Officials of the Dixie County in Florida's Gulf coast are appealing a federal judge's order to remove a five-foot-high granite monument displaying the Ten Commandments. The monument in front of the courthouse in Cross city is latest subject of the longstanding controversy over whether the U.S. constitution prohibits displays of religious monuments in public forums.
Last month, Florida federal judge Maurice Paul, ordered that the monument be removed. The judge's judgment agreed with the argument of the American Civil Liberties Union of Florida that the monument constituted the government promoting a religious message and therefore should be removed and placed elsewhere
The Dixie County manager, Mike Cassidy objected to the ACLU's argument saying that "We have not had one negative comment from the community. "
A 38 year-old mechanic who lives in the area also said, "There will be people standing around it to protect it when they come to remove it."

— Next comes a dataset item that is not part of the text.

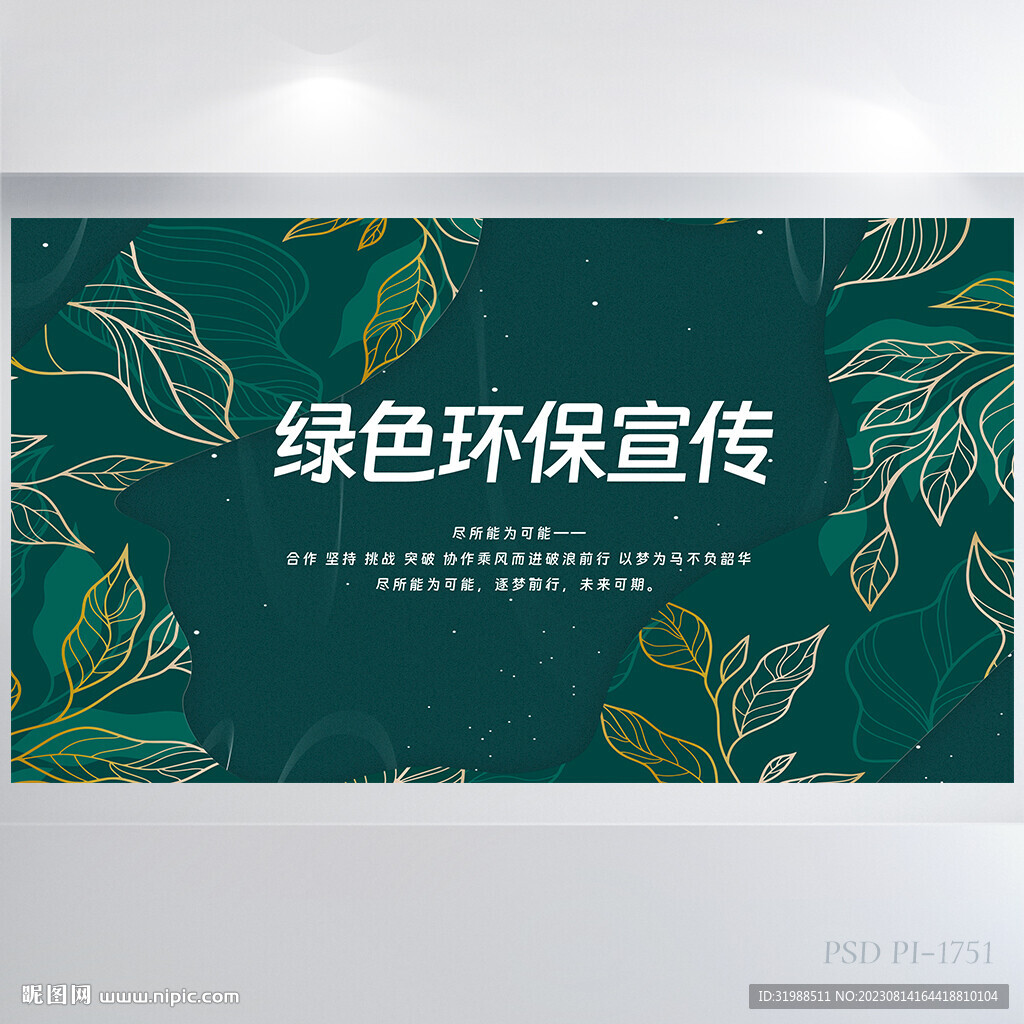 蓝色清新环保宣传展板海报设计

The Dixie County Ten commandments dispute is another in a series of similar disputes across the U.S. including, Kentucky, Virginia, Utah, New Mexico and Texas. The series of constitutional disputes was flagged off by the case involving the former Chief Justice of the Alabama Supreme Court, Roy Moore, who came to prominence in conservative religious and political circles when, in 2003, he was removed from office for refusing to remove a Ten commandments granite monument from a state courthouse.